Comme tout le monde, j’ai été abreuvé par les médias de cette histoire d’humanitaires ‘pieds-nickelés’ se faisant alpaguer par la police d’un Etat ‘souverain et indépendant’ de cette belle Afrique qui fut de notre Empire l’un des … coins les plus reculés. Tous les commentateurs indiquent que cela n’est sans doute pas sans lien avec l’arrivée prochaine d’une force ‘européenne’ dans l’Est du Tchad, et la conférence de presse de dimanche des deux Présidents était un modèle de dénégation qui donnait confirmation que l’affaire était bien plus complexe que l’aventure de nos quelques ‘humanitaires’. Il n’existe pas de mot dans la langue française pour dire cette situation linguistique et pratique où, l’en déniant de toute sa bonne foi, on confirme aux yeux de tous – une « déné-confirmation » peut-être? Avec l’expérience de tels événements, communs dans la vie politique, cela devient évident : il suffit d’inverser les termes, et l’on a la bonne version. N. Sarkozy et Idriss Déby étaient magnifiques dans leur rôle respectif, où plus ils démentaient, plus on se persuadait que l’affaire des humanitaires n’était rien, sinon qu’un coup dans une longue partie d’échecs dont nous ne saisissions pas bien le déroulement mais dont l’existence se trouvait confirmée. Il faut dire que cette mission au Tchad d’une force européenne possède un je ne sais quoi de suspect. En effet, d’aprés la presse, nos partenaires européens se font tirer par la manche pour y envoyer quelques soldats. Une belle et juste cause pourtant… La France seule semble motivée pour cette démonstration de force ‘européenne’ dans l’Afrique noire. Etrange… on finira bien par savoir quel ‘complexe de Fachoda’ nous pousse à vouloir cette expédition.

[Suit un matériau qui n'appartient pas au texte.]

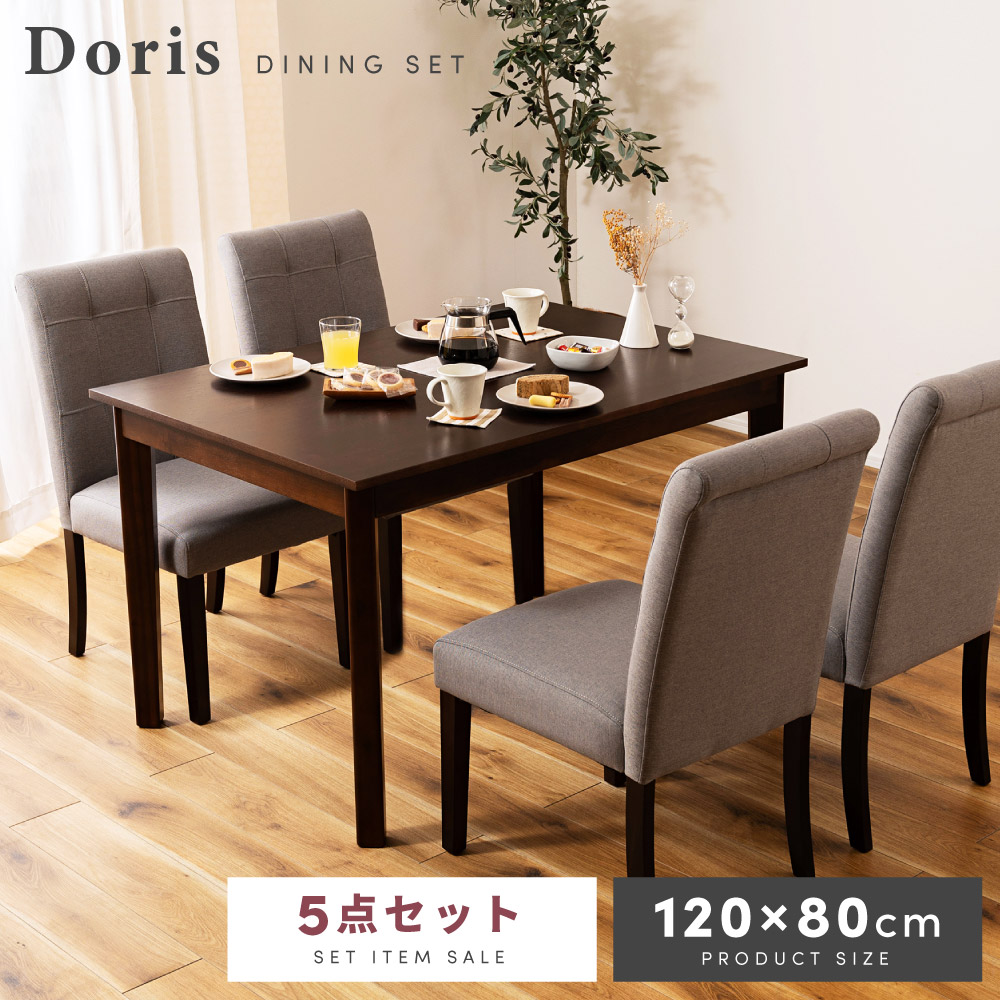 ダイニングテーブルセット ダイニングセット 4人掛け 4人用 5点 120&times;80 幅120cm 木製 天然木 アカシア チェア チェアー 椅子 食卓 机 コンパクト おしゃれ 高級感 アンティーク モダン シンプル ダークブラウン グレー｜アットホームインテリア
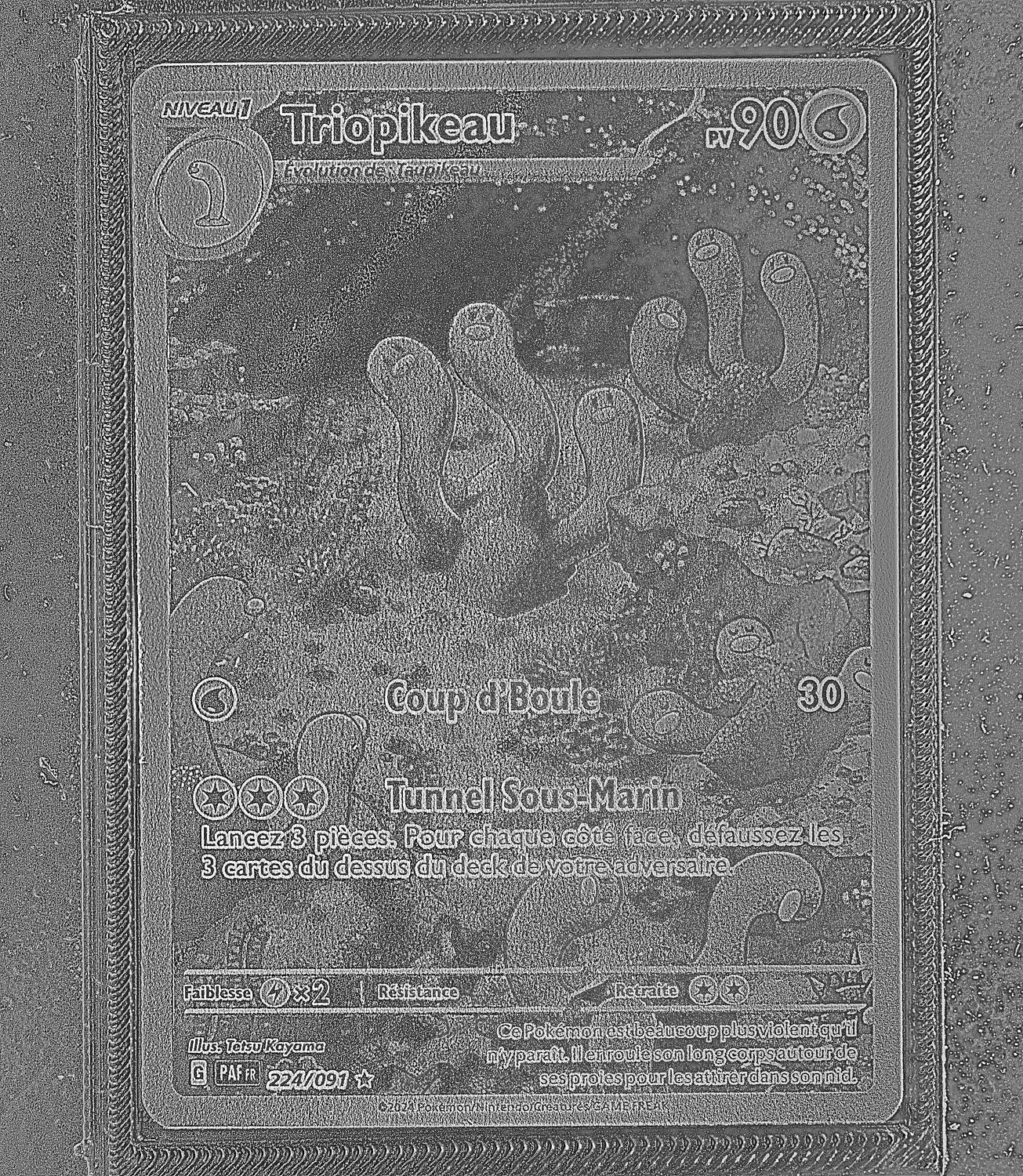 Front Card Photometric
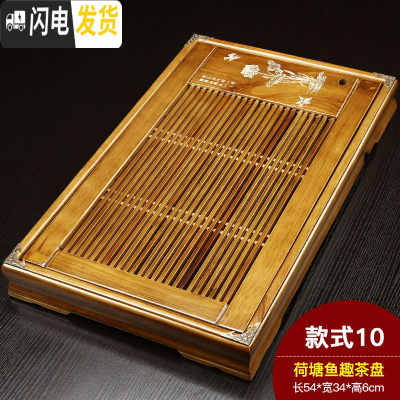 三维工匠实木茶盘家用功夫茶具茶台茶海茶托简约储水托盘迷你小号茶座 荷塘鱼趣茶盘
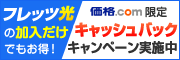 【プロバイダ】プロバイダ申し込みで、さらに賢くお買い物!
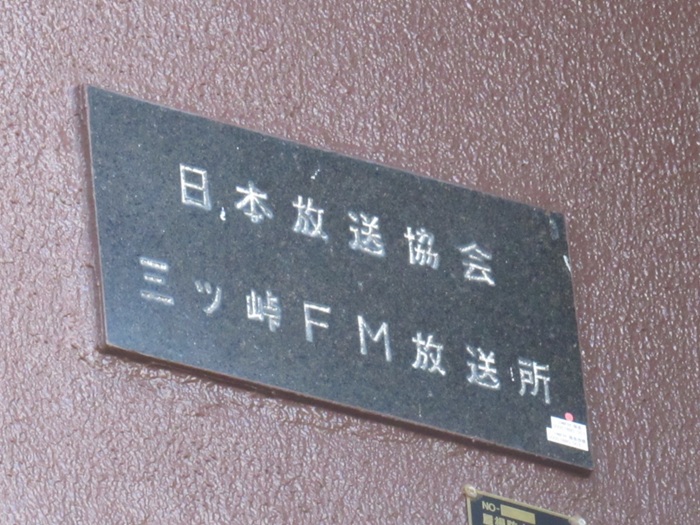 表札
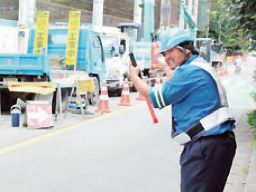 成友セキュリティ株式会社 成友セキュリティ株式会社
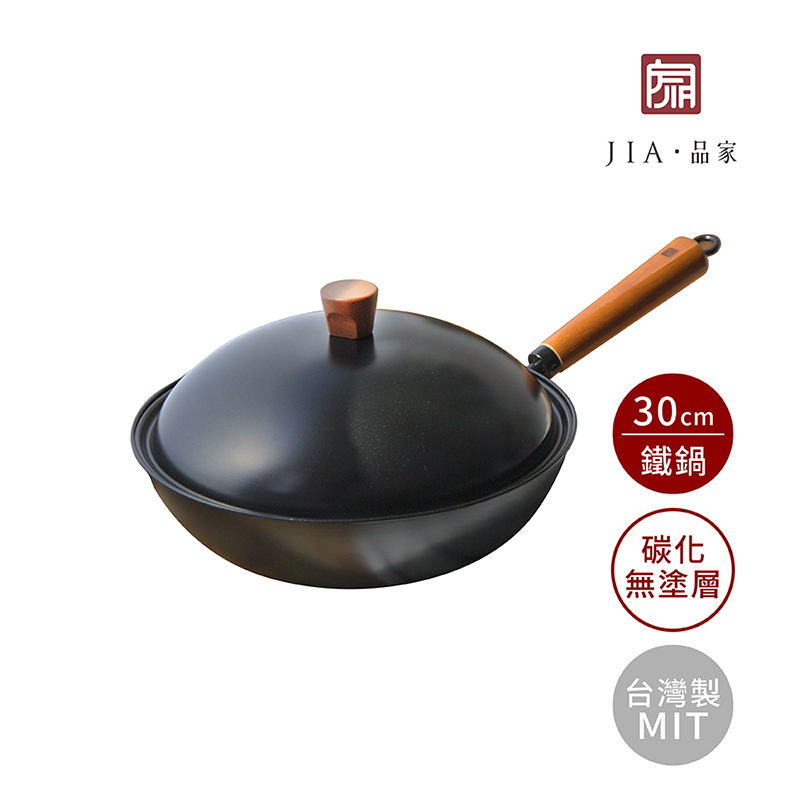 JIA Companion, Carbonization Steel Wok 30cm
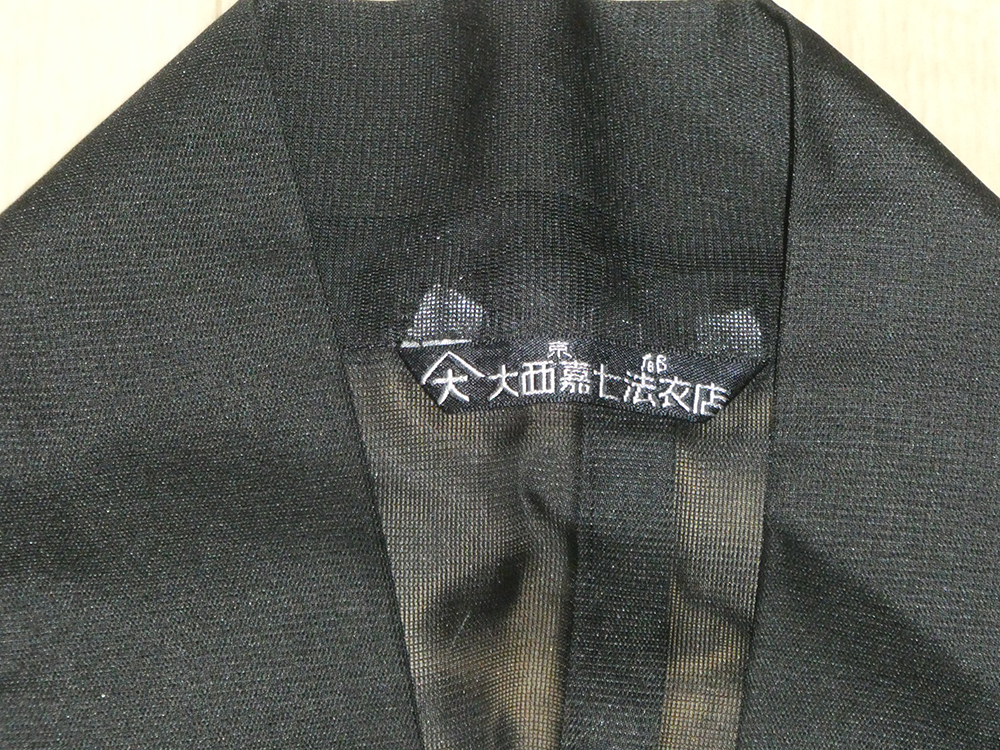 01) 浄土宗 大西嘉七法衣店謹製 黒衣 夏用 僧侶仏教仏具法衣袈裟 01) 浄土宗 大西嘉七法衣店謹製 黒衣 夏用 僧侶仏教仏具法衣袈裟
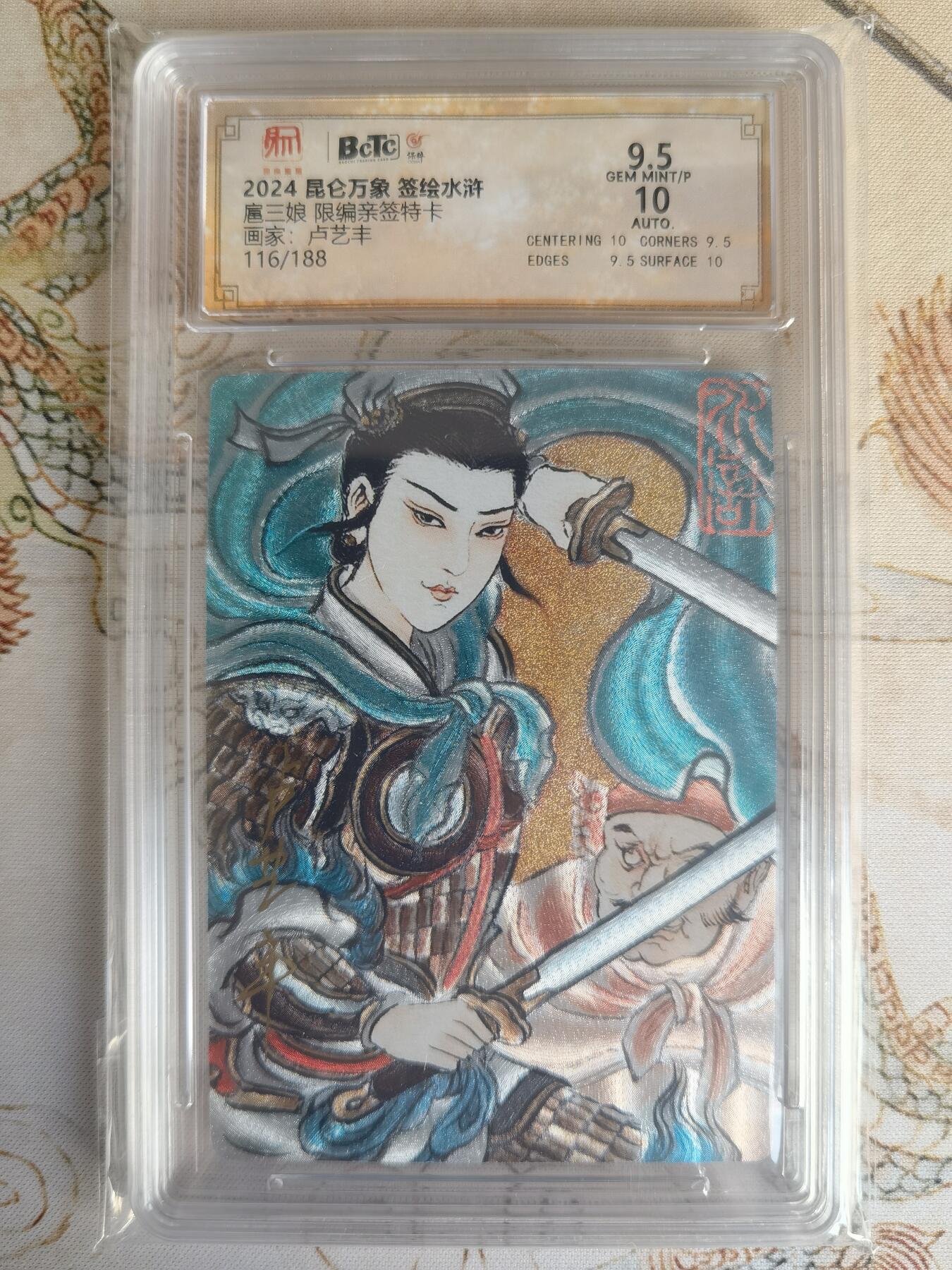 奇趣收藏卡牌拍卖第25场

En attendant, puis-je faire remarquer que la presse française, surtout les médias audiovisuels, ont complétement oublié les autres Européens pris dans l’affaire, un équipage espagnol et un pilote belge? pour ne pas parler des Tchadiens arrêtés eux aussi? Il est fascinant de voir que l’on y a parlé que des Français. Ce n’est pratiquement qu’avec la libération des hôtesses de l’air espagnoles qu’il a enfin été fait mention de cet aspect. Les médias ne voient de ‘victimes’ que les Français! et ce fut encore plus caricatural quand ces derniers ont commencé à insister sur la libération des trois journalistes (français). Cette belle solidarité professionnelle est admirable, mais j’aurais mieux aimé qu’elle s’accompagne d’une belle solidarité européenne. Il est vrai que les ‘proches des Français’ sont disponibles pour dire leur malheur, ce qui dramatise à souhait la chose (les ‘proches des Espagnols’ ont sans doute le tort de ne parler que leur langue… et de ne pas être facilement joignables par les équipes de télévision françaises. L’Espagne, c’est si loin… juste à côté de la Papouasie il me semble… )

En effet, le fin mot provisoire de cette affaire est qu’un équipage formé d’espagnols (hommes) et un pilote belge restent prisonniers pour une affaire qui les dépasse sans doute totalement, autant arrêter le conducteur d’une rame de bus qu’un braqueur de banque aurait employé en s’enfuyant. Mais les Espagnols…. eh bien, dans les médias, on les plaint moins que les Français, des braves types au demeurant, des « pieds-nickelés », des « idéalistes » comme ont dit les trois journalistes libérés.

En tout cas, cette absence de vision européenne des médias français me confirme comme politiste que le peuple européen n’existe pas aux yeux de ceux qui font le compte-rendu de l’actualité en France. Certes employer le terme d’Européens dans un tel contexte aurait aggravé le sous-entendu néocolonialiste et racial de toute cette affaire, mais était-ce une raison pour oublier aussi grossièrement des concitoyens de cette Europe qu’on veut unie?